Zonguldak Limanı'nın geçmişte özel bir kanun ile TTK'ya devredildiğini hatırlatan GMİS Genel Başkanı Ramis Muslu, "1936'lı yıllarda Zonguldak Limanı zaten özel kanun ile TTK'ya devir edildi. Şimdi ise bir tarafta deniz Milli Emlak'ta gözüküyor. Kara sahası TTK'da gözüküyor. Biz her şeyden önce limanı TTK'nın kar eden bir koludur diyoruz. Öncelikli işimiz yer altındaki kömürü çıkartmak ama liman da işimizin bir parçasıdır. Bunu yaparken de limanı kullanacağız. Bunu yok sayamayız. TTK, geliştirerek bu işe devam etmelidir. Römorkörler eski olabilir ama buralara römorkör kiralayabiliriz. Bunun için haber bekleyen şirketler var. Kuruma 2010 yılı için 47 milyon dolar yatırım geldi. Buradan limana da ayrılsın. Yatırım amaçlı böyle umut ediyoruz. Sonuçta ürettiğin kömürün buradan naklini yapacaksın. Önceki Vali Yavuz Erkmen döneminde liman projesi vardı. Bunun maliyeti 50 milyon dolardı. Bu proje yap-işlet-devret modeliyle de mümkündür" diye konuştu.

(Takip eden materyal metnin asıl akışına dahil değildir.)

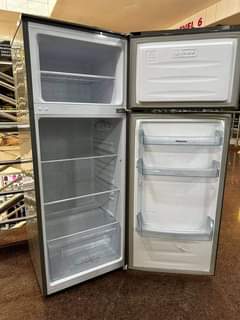 A picture of Hisense fridge used 280litres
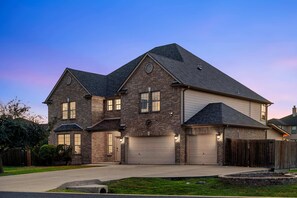 Exterior - Grand 6BR 3BA Pool Escape Round Rock (Round Rock)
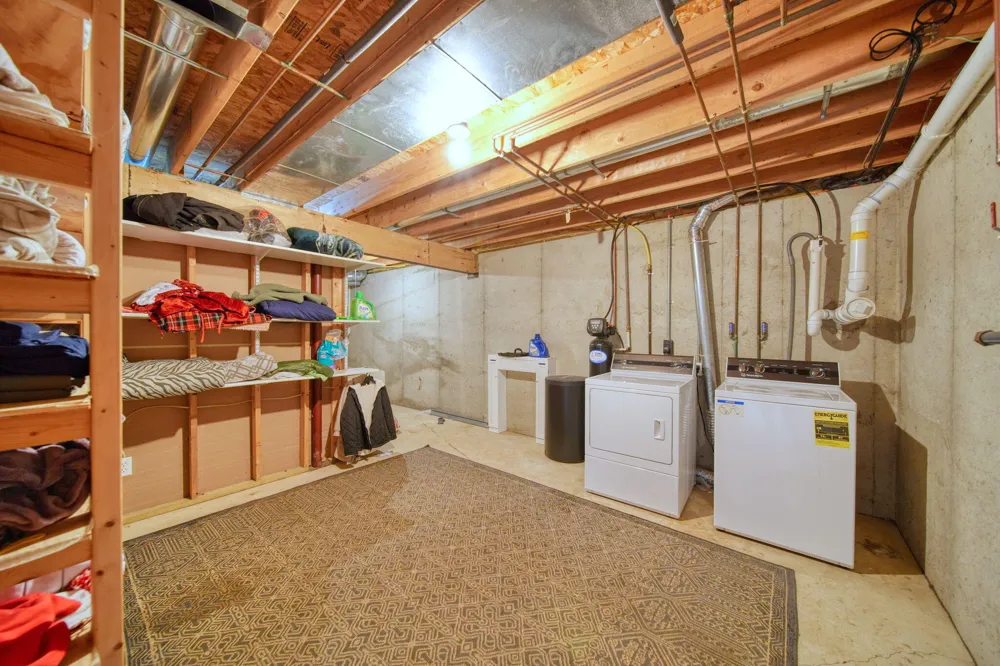 7966 Village Green Lane Parma, MI 49269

Yaklaşık 7-8 yıl önce yine aynı şekilde limanın kiralanması için ihale yapıldığını ancak ihalenin iptal edildiğini ifade eden Başkan İsmail Eşref, kamuoyunun gündeme getirmediği iki önemli hususu belirterek şöyle dedi:
"İki hususu da sizin bilginize sunuyorum. Bunu kamuoyu gündeme getirmiyor. Biz belediye olarak 7-8 yıl önce ihaleye girdiğimizde liman işletmesi ihalesine girdiğimizde ihale iptal olmuştu. Belediyeye verilmek istenmedi. O zaman gerekçe olarak birinci belediyenin imkanı olmadığı belirtilerek imkansızlığı göz önüne alındı. İkincisi ise müfettiş raporlarında alanın imtiyaz hakkının özelleşemeyeceği yazılıydı. Eğer yine böyleyse bu ihale gerçekleşmeyecek demektir. Yani devlet denetleme raporlarında TTK'nın müfettişlerce 'Siz burayı ihaleye veremezsiniz' dendi ve bu iş o tarihte durduysa yine aynı noktadayız. O zamanda kiralamaydı. İkinci noktayı söylüyorum. Bu bilinmeyen bir husustur. Orada TTK'nın imtiyaz hakkı var ama 4-5 yıl öncesinde oranın mülkiyeti TTK'nın dı. Artık oranın mülkiyeti TTK'nın değil. Niye değil? Kıyı kanunu yol ile depo sahasının arasından geçiyor. Milli Emlak Müfettişlerince yapılan tespitte Milli Emlak Müdürü uyarıldı. Davalar bile açıldı. Terminalin tapusu da iptal oldu. Liman da iptal oldu. Liman sahası geçmişte parça olarak TTK'nın iken hem parsel hem de imtiyaz kendinin iken artık TTK'nın değil. Orası Milli Emlak ve Hazinenindir. Hazinenin de değil devletin hükümet tasarrufundaki bir arazidir, hali arazidir. Hali bir arazi de TTK, Milli Emlak ile şu anda itilaf halinde. Milli Emlak, 'Buradaki kiralamalarını bana sormadan yapamazsın. Burada bana sormadan bina yapamazsın. Burası artık benim' diyor. Milli Emlak bunu mahkeme kararıyla yasayla bunu derken TTK, 'Benim imtiyaz hakkım var' diye ihaleye çıkamaz. Yasal bir sorumluluk doğar. Bu mülkiyet kendinin değil. O parsel artık hali arazi. Bunu kimse bilmiyor. Hatta göz ardı ediyor. Hatta TTK, bu ihale adımını atarken bile bunun farkında değil. Sonuçta biz belediye olarak ihale sonuçları aleyhte çıkarsa dava konusu yapmayı düşünüyoruz. Bu hususlar Zonguldak lehine dava edilecek konulardır. Orada mülkiyet hakkı olmayan bir idarenin ihale yapma arzusu yoktur. Bu iş sonuçlanamayacak bir konudur. Boşuna uğraşmasınlar. Şimdiden vazgeçsinler. Yatırım yapsınlar. TTK karını büyütsün, zararını kapatsın."